Apart from royal endowments, local merchants and temple functionaries stepped up with contributions in return for which they sought the rights to sell the temple prasada (consecrated food) to visiting pilgrims. Ritual functionaries such as those employed in educational institutions (mathas), temple reciters of sacred Tamil and Sanskrit works, teachers, scholars were eventually dependent on being able to monetise the consecrated food produced in the temples:
This dependence is made clear in an inscription of 1467 in which the temple functionaries of the major shrine of Sri Govindarajaswami in Tirupati requested that “. . . they might be permitted to distribute among themselves the prasada offered to Govindarajadeva, similar to the practice at Tirumalai [i.e., the shrine of gri Venkatesvara] so as to maintain themselves therewith…
Tirupati was South India’s foremost temple under the Rayas, and the royal patronage, apart from other endowments, continuously brought more pilgrims to the temple.
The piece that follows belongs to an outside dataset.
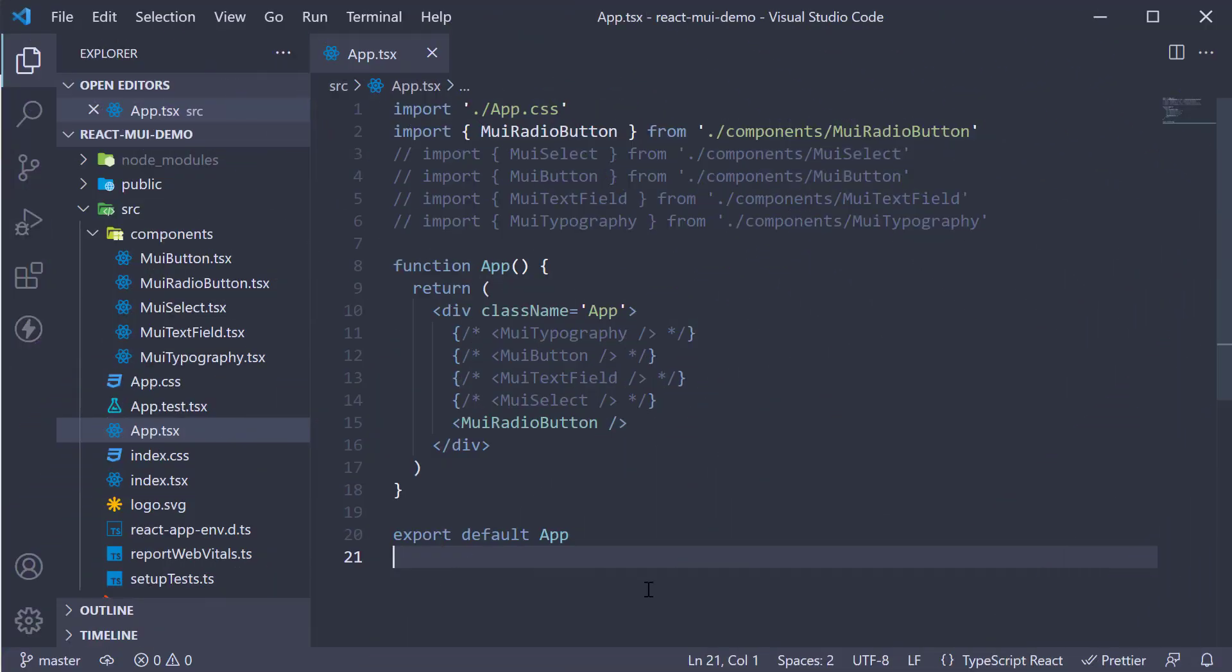In this video, let's take a look at the checkbox component from Material UI. Checkboxes allow the user to select one or more options from a set. They can also be used to turn an option on or off. Let's understand the component and its usage with an example.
There must have naturally been a good demand for the consecrated food, and inscriptions show there was indeed trade based on arrangements and leases:
An inscription of I547 mentioned eleven men who had the right to sell consecrated food after procuring the food from Temple functionaries and donors (donor’s share). This right was held on lease from the functionaries and others, and the sellers of consecrated food were called prasdda leaseholders (prasaddkkdrar) It seems evident that the leaseholder paid an annual amount to persons to whom the food was delivered by the temple managers for the right to dispose of it through sale to pilgrims. Nor was this an illicit practice. Some of the Tirupati inscriptions referred to the right of the donor to sell or transfer his one-quarter share of consecrated food, and the existence of wealthy leaseholders of consecrated food indicates that this was an established practice.
The ability of the temple to convert consecrated food (which had been paid for by earlier endowments) into money was quite important, leading to the temple functionaries themselves being able to contribute one-fourth of all endowments to the temple between 1509 and 1568.
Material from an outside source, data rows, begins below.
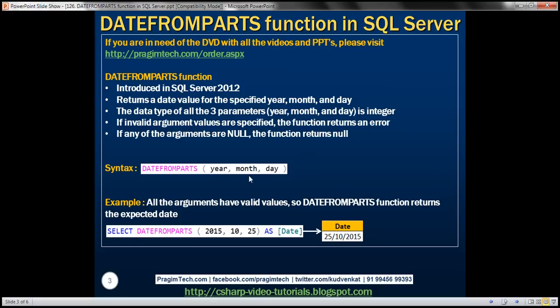If we specify any invalid value for any of these three parameters, then this function is going to return an error. Similarly, if we specify a null value for any of these three parameters, then this function is going to return null.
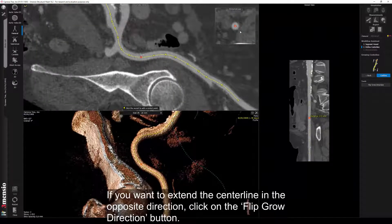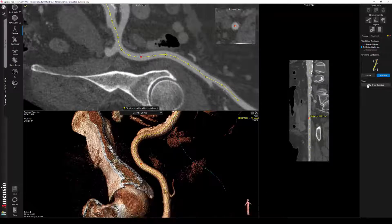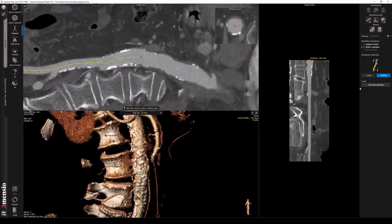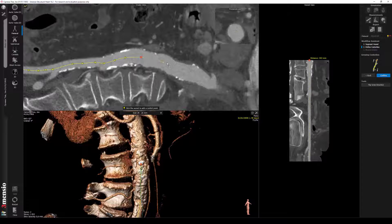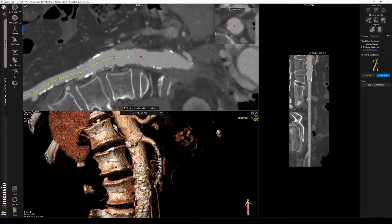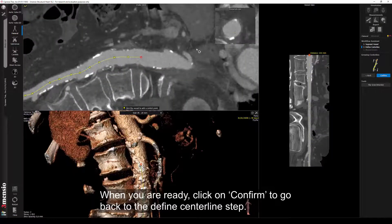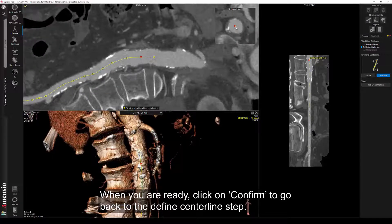If you want to extend the centerline in the opposite direction, click on the Flip Grow Direction button. When you are ready, click on Confirm to go back to the Define Centerline step.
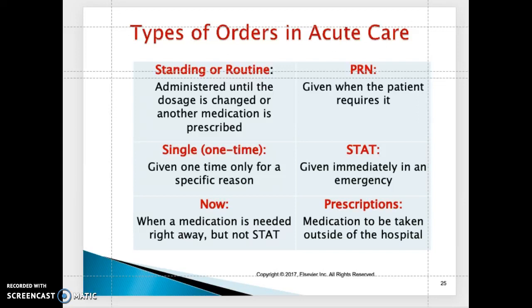A standing or routine order is administered until the dose is changed or the amount of medication prescribed changes. An example is Levaquin 500 milligrams orally once a day. Another example is Decadron 10 milligrams once a day times five days.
Thus, between the royals, state donors, temple functionaries, temple villages and pilgrims, the temple was able to get a virtuous cycle of endowment, investment, trade and attractive rituals going. Endowments and land grants allowed the temple to generate large capital that was invested in smaller temples, which would attract more pilgrims. Devotee welfare too seems to have been covered with the building of feeding houses and rest houses.
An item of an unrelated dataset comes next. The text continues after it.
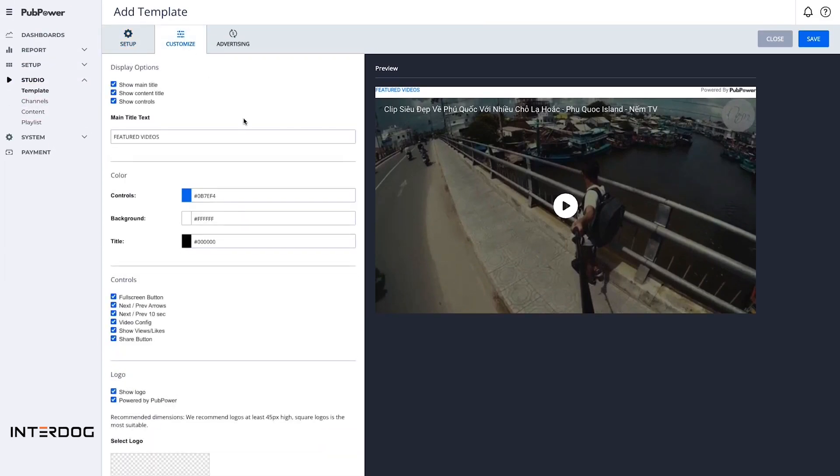You can configure the appearance, text, color of the video ads, add your own logo to the player of the video, and optimize the video ads.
There is something to be said about the temple functionaries and management during this period of extraordinary growth. More than a 100 villages had been endowed to the temple under the reigns of Krishnadevaraya and Achyutadevaraya. Apart from this, the capital generated from enormous amounts of investments made and new institutions being commissioned must have multiplied the workload of the temple management.
Throughout this century of expansion, the core management of the temple was left to a team of 12, an arrangement that was more than two centuries old by then. Further, as new institutions and responsibilities piled on, the paper notes, a slightly more relaxed and decentralised management structure began to take shape. New institutions were mostly self-managed with their own managers, treasuries and such. The main Tirupati temple appears to have even made permanent endowments to the new institutions, whose returns did not accrue to Tirupati.
When looked at it from four centuries away, the efficient management of over a 100 endowed villages, hundreds of endowments and all the associated trade related to the temple almost seem unbelievable.
It would be impossible to see local merchants and the temple functionaries backing a temple with their own money today – a notable vote of confidence in the temple administration of fifteenth- and sixteenth-century Tirupati. Alas, if only some of this could be replicated in the twenty-first century, we may yet save the impressive heritage left to us by the great and the wise.